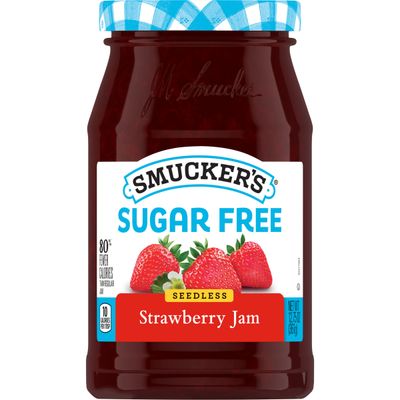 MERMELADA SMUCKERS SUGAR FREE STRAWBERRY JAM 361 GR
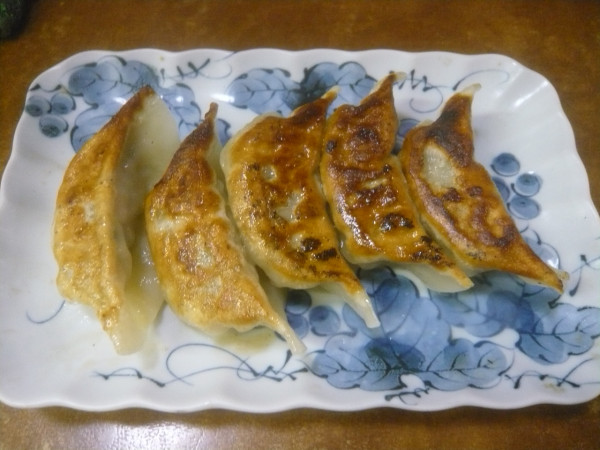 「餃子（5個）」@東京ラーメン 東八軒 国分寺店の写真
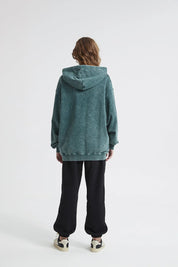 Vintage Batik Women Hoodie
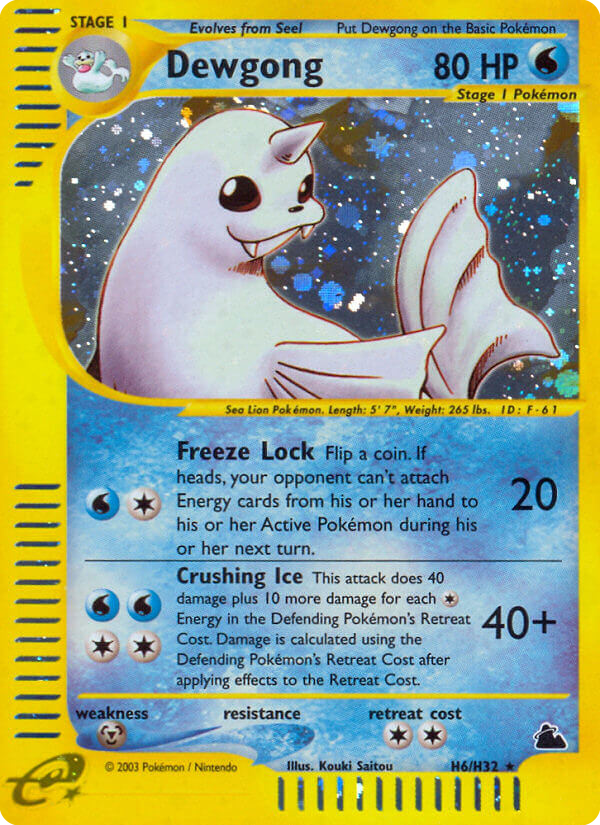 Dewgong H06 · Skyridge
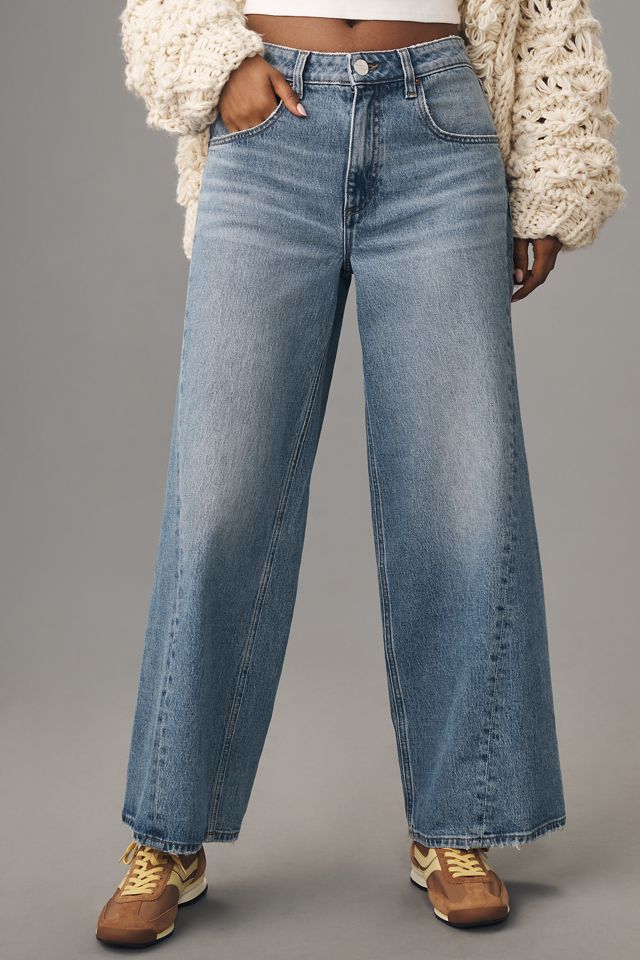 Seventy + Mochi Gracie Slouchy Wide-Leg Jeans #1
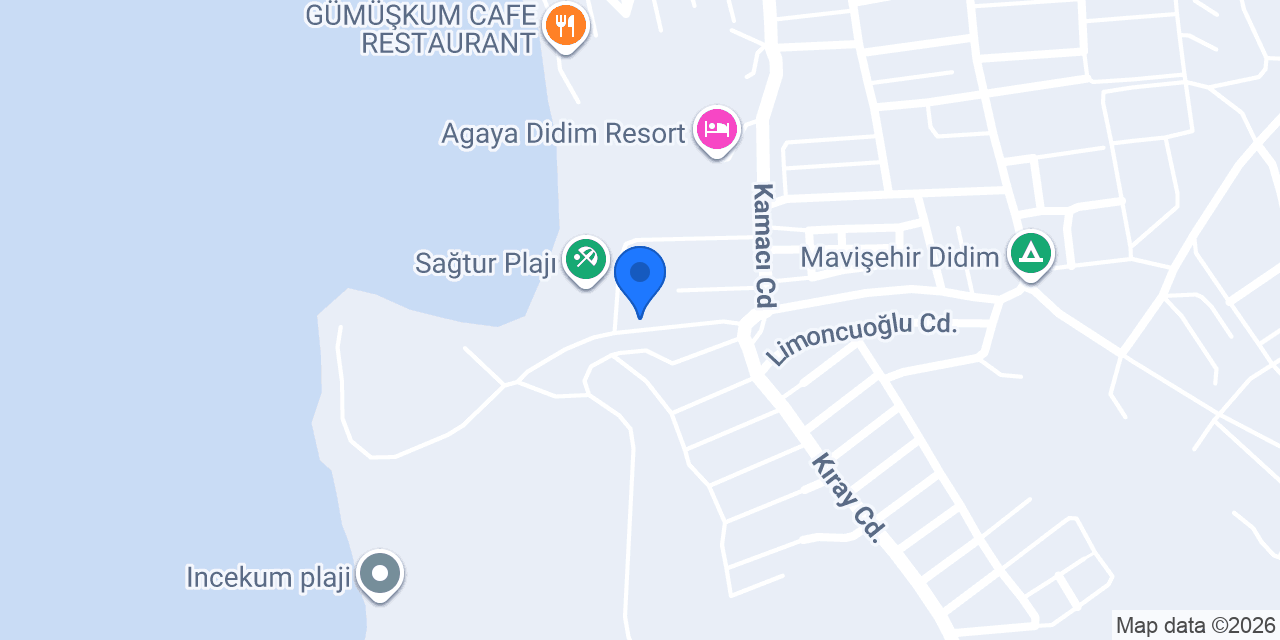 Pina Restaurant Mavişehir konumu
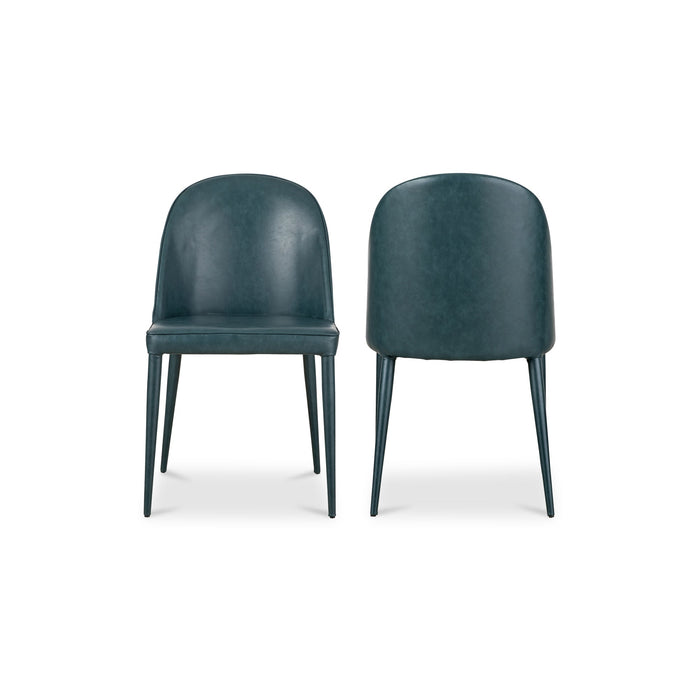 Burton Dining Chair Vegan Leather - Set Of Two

────

■ WHAT YOU WILL DO
All entries must be output unchanged, with every picture omitted.

■ ANSWER FOR THIS EXERCISE
 MERMELADA SMUCKERS SUGAR FREE STRAWBERRY JAM 361 GR
 「餃子（5個）」@東京ラーメン 東八軒 国分寺店の写真
 Vintage Batik Women Hoodie
 Dewgong H06 · Skyridge
 Seventy + Mochi Gracie Slouchy Wide-Leg Jeans #1
 Pina Restaurant Mavişehir konumu
 Burton Dining Chair Vegan Leather - Set Of Two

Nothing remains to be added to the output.